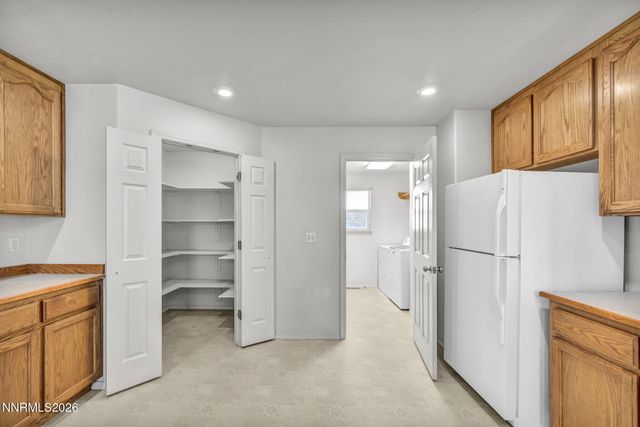 445 Torrey Pines Drive, Fallon, NV 89406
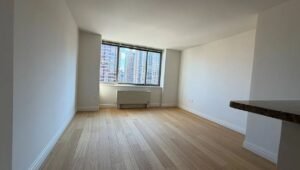 Amazing open layout on Lexington Avenue in Carnegie Hill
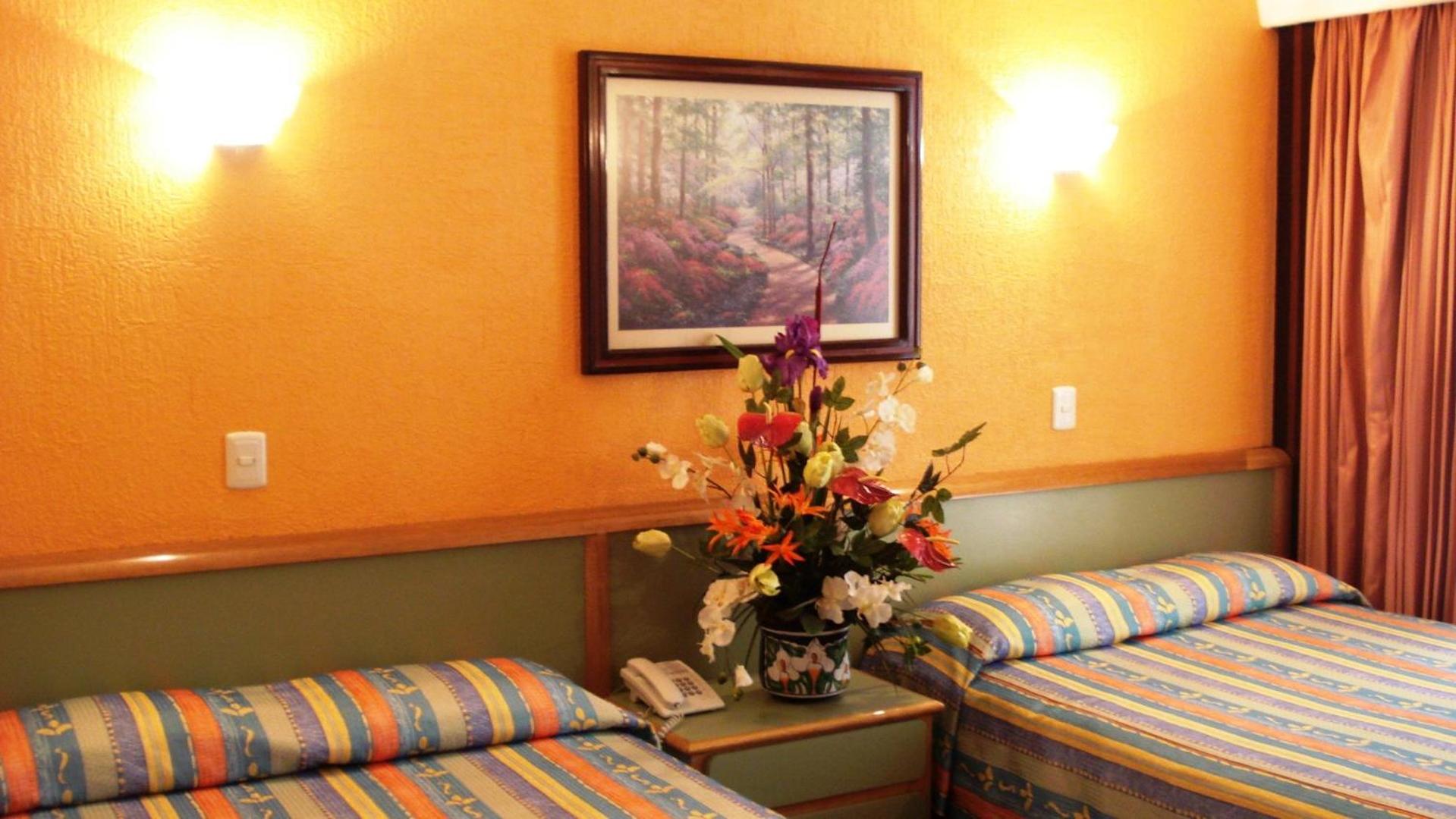 Twin Room - Photo 2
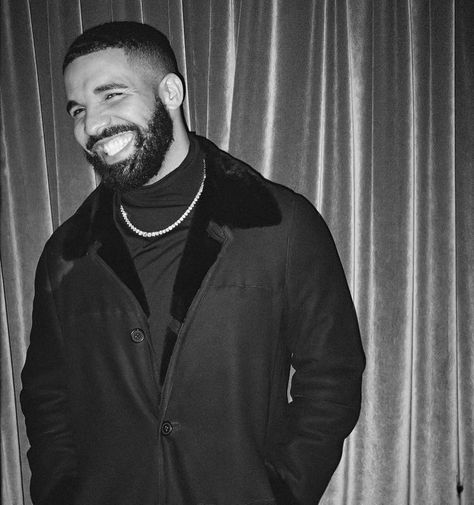 Rappers Smiling, Drake Rihanna, Girl Power Songs, Drake Art, Prettiest Smile, Aubrey Graham, Drake Ovo, Drizzy Drake, Drake Drizzy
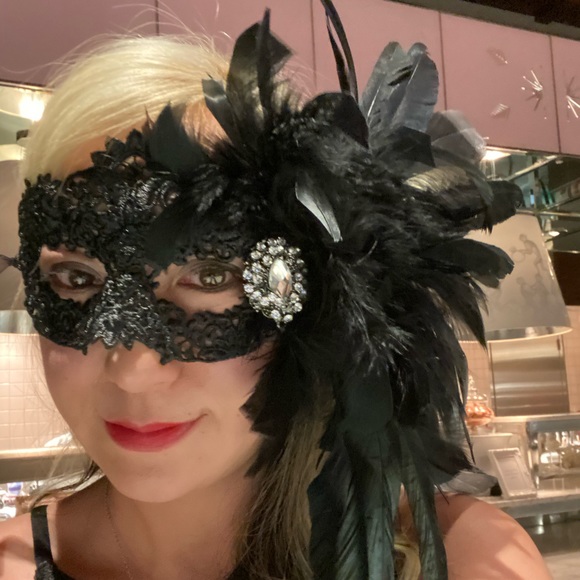 Meet your Posher, Jennie - Picture 1 of 1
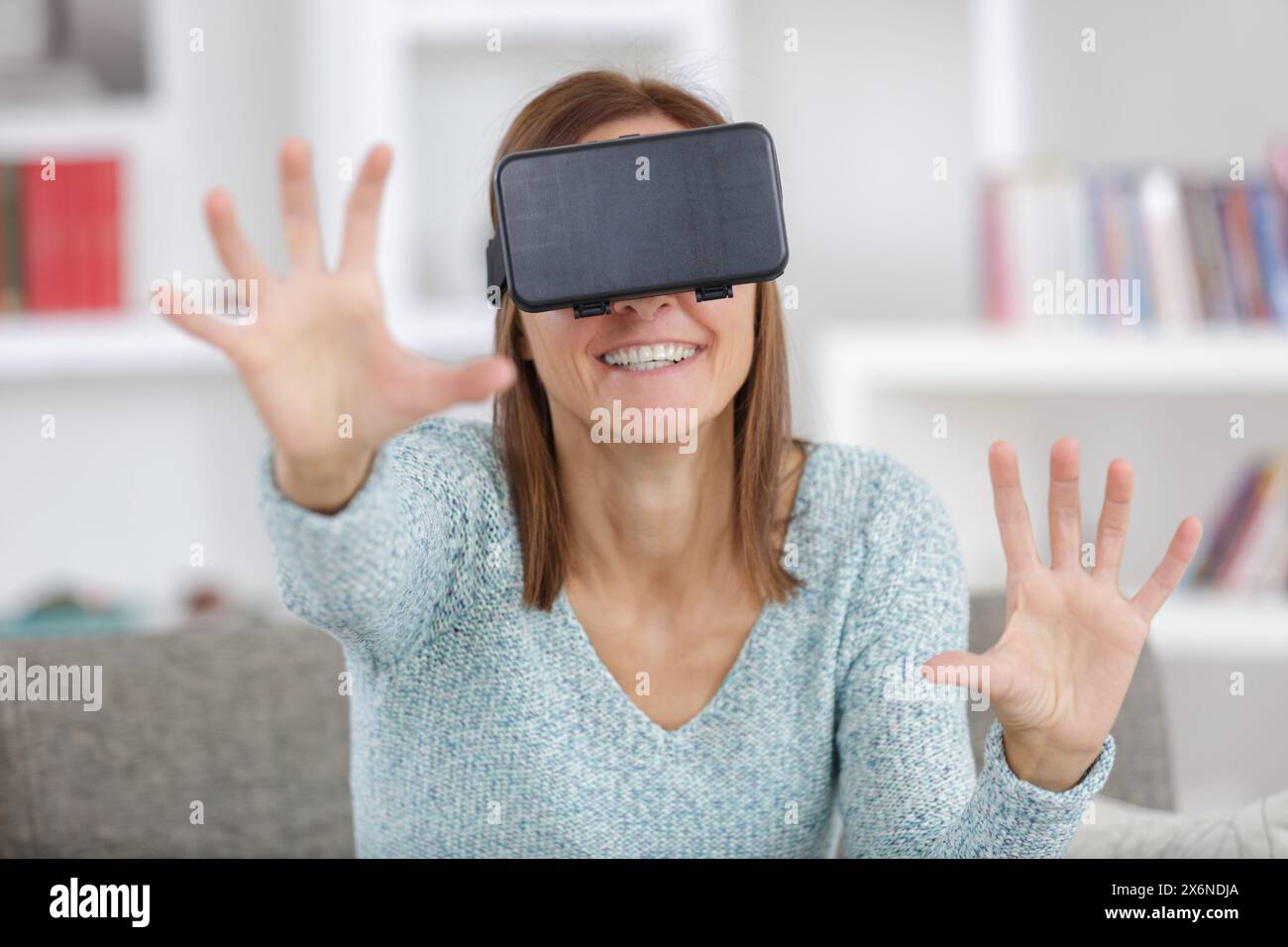 Die junge Frau benutzt eine Virtual-Reality-Brille Stockfoto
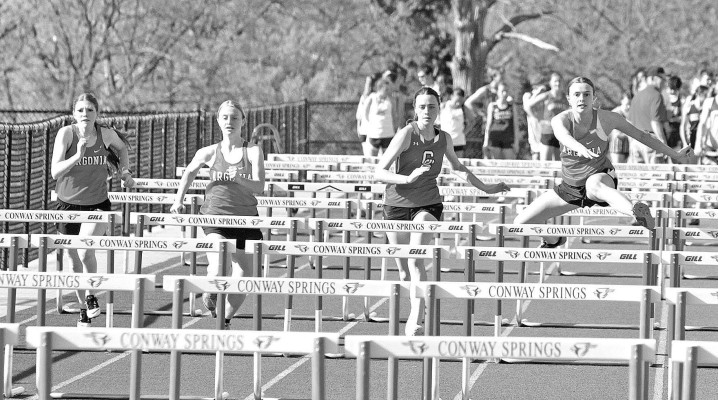 Three local teams take part in Conway Springs track meet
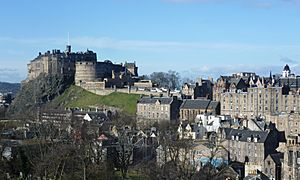 Archivo:Edinburgh Castle from the south east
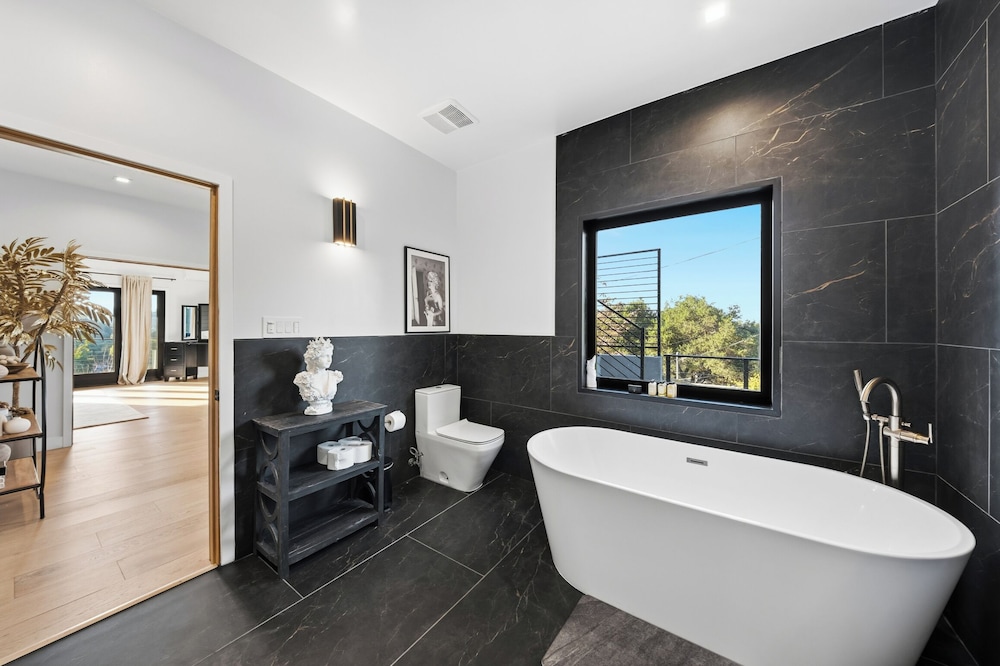 Farley Court - Stylish Hillside Residence With Stunning Views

To do:
The required result is an exact copy of the lines from the line containing "Archivo:Edinburgh Castle from the south east" through the end of the entries, with every picture left out.

Answer to the exercise:
 Archivo:Edinburgh Castle from the south east
 Farley Court - Stylish Hillside Residence With Stunning Views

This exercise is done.